Algunas reflexiones y giros entre Psicología Sistémica y Psicoanálisis

Por Diego Troncoso

Resumen.

En este ensayo me dedicaré a mostrar aquellos marcos teóricos de la Psicología Sistémica que se solapan y se rechazan con la teoría Psicoanalítica y generan interesantes intersecciones o aportes mutuos. Aunque algunos aportes de la Psicología Sistémica sea en un su primera cibernética (Minuchin) como en su segunda cibernética (White & Epston), dejan mucho que desear y dejan sin resolver o sin abordar diversas temáticas.
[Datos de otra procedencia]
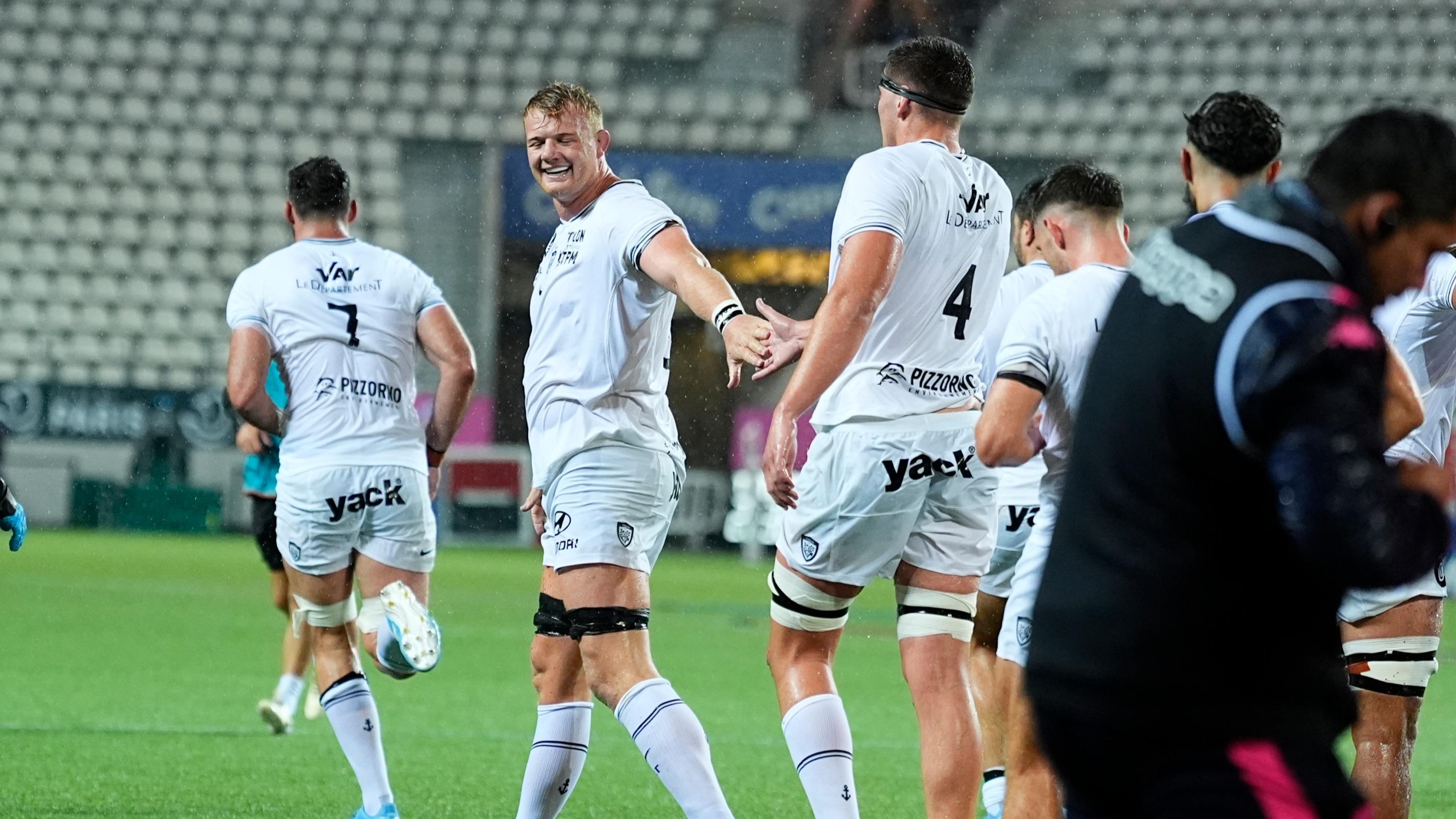 Stade Français-Toulon : revivez le succès toulonnais sur la pelouse du Stade Français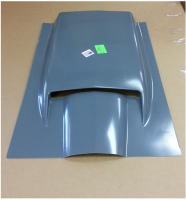 E16805 SCOOP-HOOD-HAND LAYUP-427 BIG BLOCK-67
Hay aspectos de la Psicología Sistémica – creo yo – que pueden otorgar una buena digestión a algunos seguidores del Psicoanálisis que en su discurso presentan muchas flatulencias que muchas veces los llevan a rincones sin salida.

Sin pretender abordar toda el área epistemológica y los orígenes de la Psicología Sistémica, vale la pena recordar algo básico e importante para más o menos mantener el paso al ritmo: En la Psicología Sistémica vemos que las influencias de las relaciones sociales son importantes para el continuo desarrollo o cambio de un sujeto inserto en un(os) (sub)sistema que lo referencia en sus posibilidades. El sujeto siempre está en referencia comunicacional con otro insertado en una red de relaciones diversas que posibilitan sus diversas maneras de actuar en cada contexto con otros.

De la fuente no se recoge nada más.